The line that contains "Woodlawn Groundbreaking" marks the start. Please set it down, with every later line of the data, exactly and without pictures.

• [Input for this task]:
══════

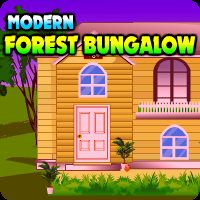 play Modern Forest Bungalow Escape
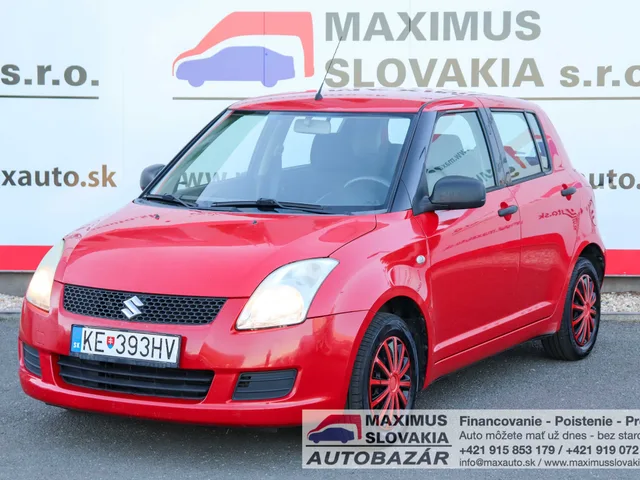 Suzuki Swift 1.3 | 2008 | SR pôvod | Nehavarované | Klimatizácia | STK do 08/2027 – fotografia 3 z 15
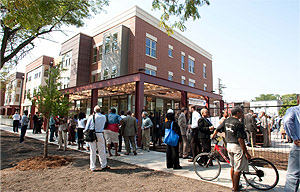 Woodlawn Groundbreaking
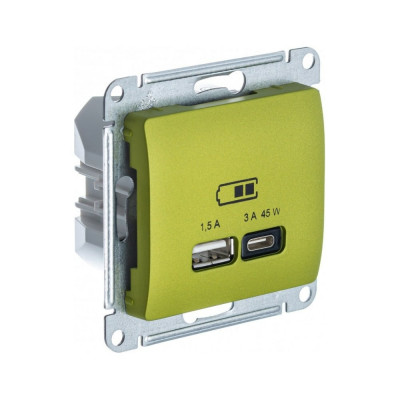 Розетка Systeme Electric Glossa GSL001029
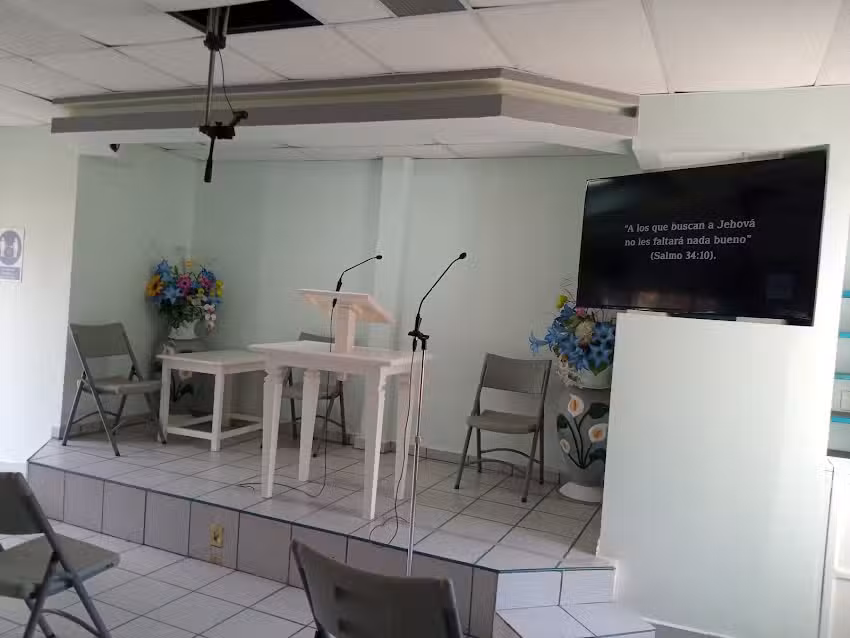 Salon del Reino de los Testigos de Jehova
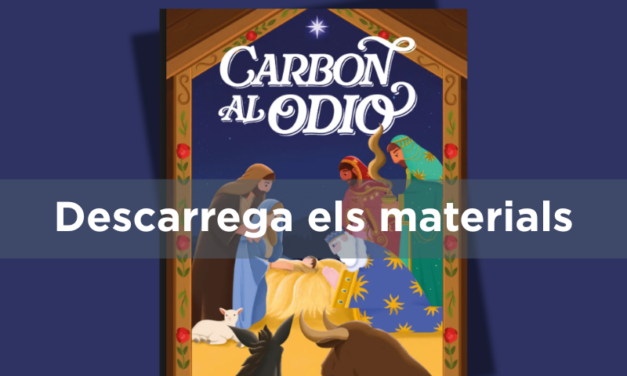 FISAT posa a la disposició dels agents educatius la campanya Carbó a l’Odi contra la discriminació
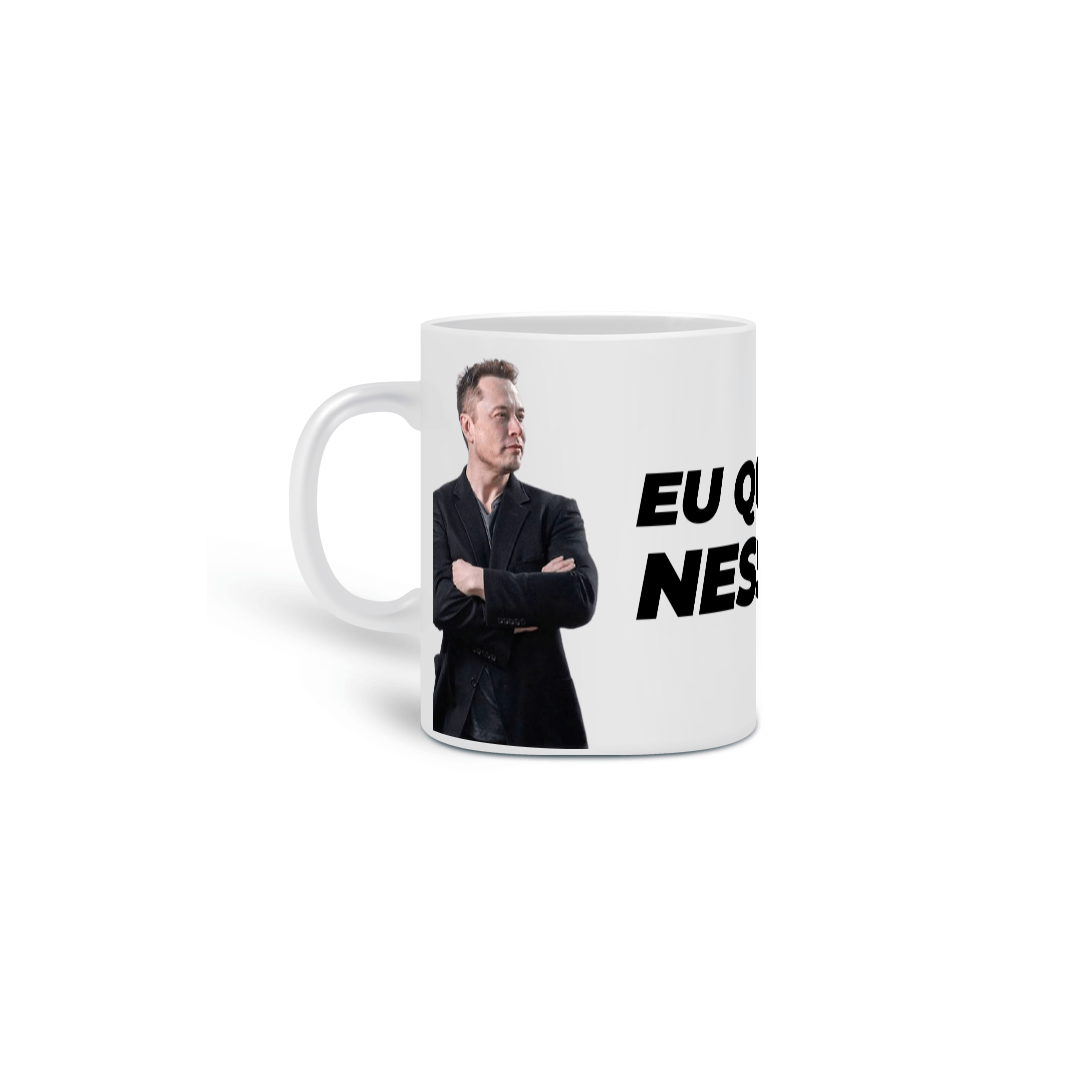 Caneca - EU QUEM MANDO NESSA PORRA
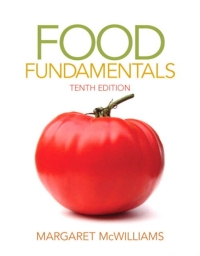 Cover image: Food Fundamentals 10th edition 9780132747738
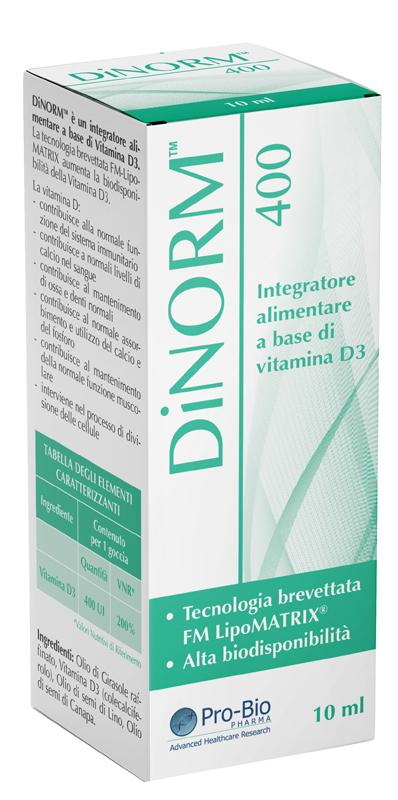 ND Dinorm 400 Gocce 10 ml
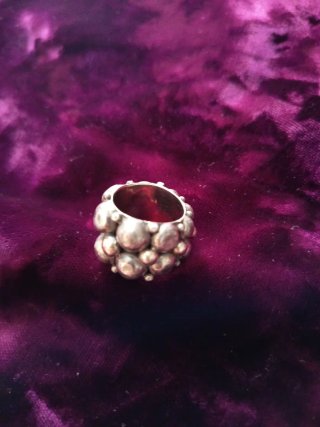 Anillo Antiguo Plata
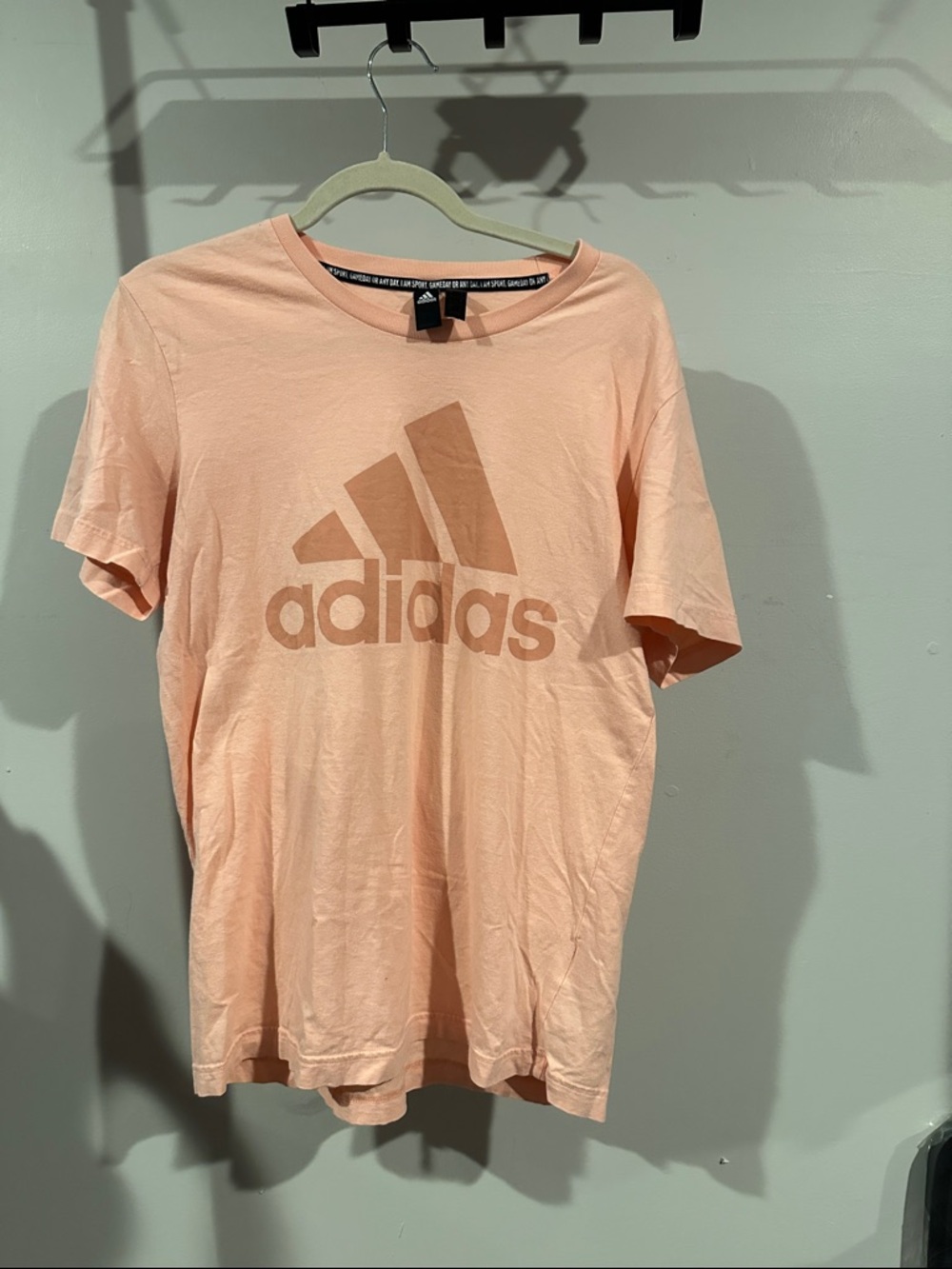 Adidas Light Coral Tee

══════

• [Finished task]:
 Woodlawn Groundbreaking
 Розетка Systeme Electric Glossa GSL001029
 Salon del Reino de los Testigos de Jehova
 FISAT posa a la disposició dels agents educatius la campanya Carbó a l’Odi contra la discriminació
 Caneca - EU QUEM MANDO NESSA PORRA
 Cover image: Food Fundamentals 10th edition 9780132747738
 ND Dinorm 400 Gocce 10 ml
 Anillo Antiguo Plata
 Adidas Light Coral Tee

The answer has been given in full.